Frostman, of Sturgeon Bay, beat Jacque in a June special election for the northeastern Wisconsin seat.

On Tuesday, Jacque easily beat retired Army office Bill Nauta, taking 76.3 percent of the vote.

In other top Senate primaries:

19th SD, Dem

Lee Snodgrass, chair of the Outagamie County Dem Party and communications director for the Girl Scouts of the Northwestern Great Lakes, won the Dem nomination over Dan Grady, an Outagamie County supervisor.

Snodgrass, who had a 10-to-1 cash on hand advantage over Grady to end the pre-primary period, took 64 percent of the vote. She’ll now face GOP state Sen. Roger Roth, of Appleton.

The Democratic Legislative Campaign Committee has already designated the 19th SD as one of its target races. But while Snodgrass finished the period with $26,586 in the bank, Roth had already stashed away $284,374.

31st SD, Dem

Former state Rep. Jeff Smith took more than 50 percent of the vote in a three-way primary for the 31st SD in western Wisconsin.

Some Madison Dems saw Steve Boe, who works for the Farm Bureau and has outraised Smith this year, as a stronger general election candidate, in part, because of Smith’s track record running for the Legislature.

He served in the Assembly from 2007-11, but lost rematches with GOP Rep. Warren Petryk, of Elva, in 2012 and 2014. He also ran for Dem Party state chair in 2015, but dropped out.
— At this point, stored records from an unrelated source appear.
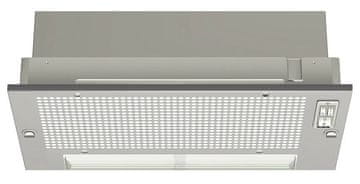 Bosch ugradbena napa DHL535C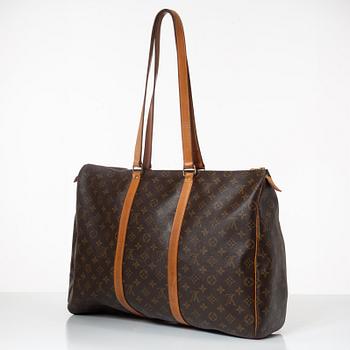 Louis Vuitton, bag, "Sac Flanerie 50",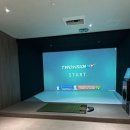 VIP골프존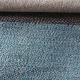 96*117 Cotton Terry Cloth Fabric Polyester 8 OZ Denim Fabric 51 Inch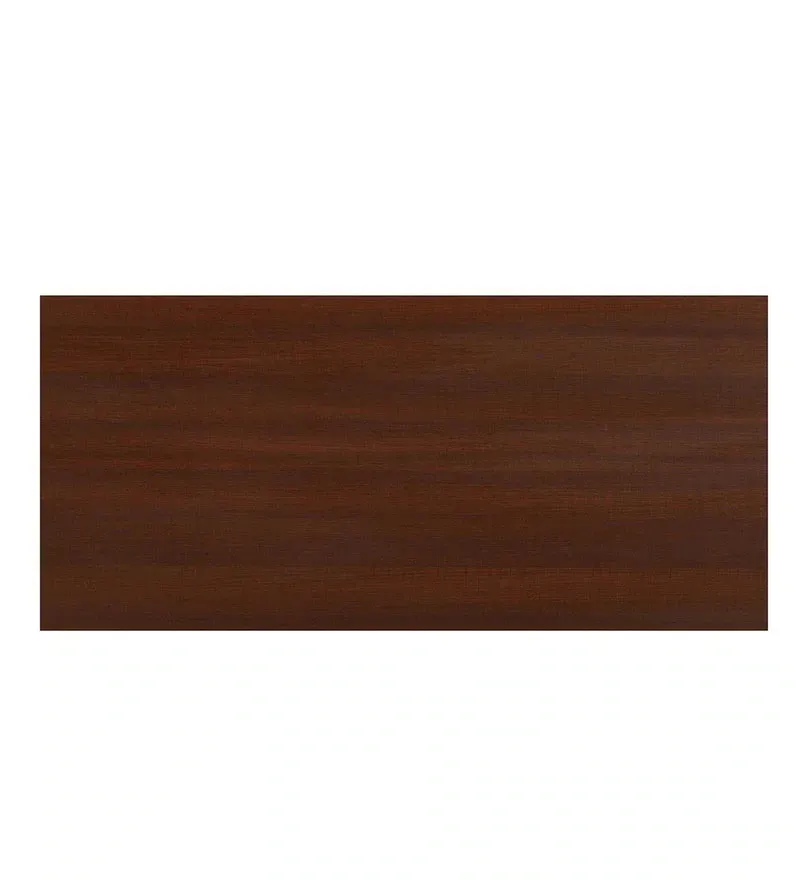 Haiko Office Table in Walnut finish.jpg9.webp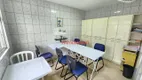 Foto 33 de Sobrado com 3 Quartos à venda, 200m² em Vila Ré, São Paulo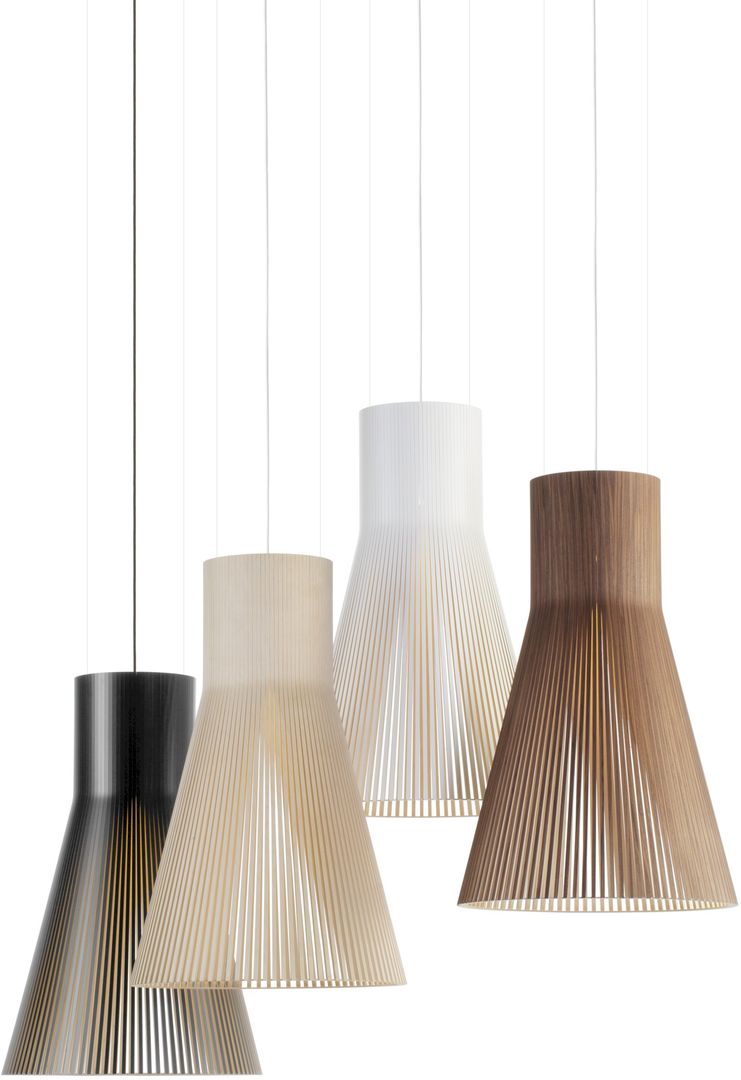 Secto Design 4202 Hanglamp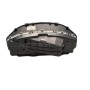 83800-9D690-D Cuadro de Instrumentos Toyota Yaris 2008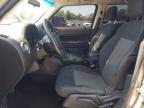 2011 Jeep Patriot Sport for Sale in Windsor, NJ - Front End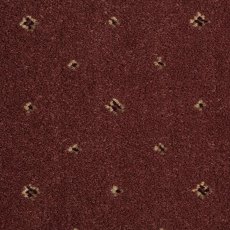 Prince Bishop In Sceptre Cinnamon Carpet Prince Bishop In Sceptre Cinnamon Carpet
He will face farmer Mel Pittman, who took 47.6 percent of the vote in the 2014 GOP wave against Dem state Sen. Kathleen Vinehout, who left the seat to run for guv. Trump won the district with a plurality of the vote in 2016, while Gov. Scott Walker took it in 2014. But it has traditionally had a Dem lean at the top of the ticket.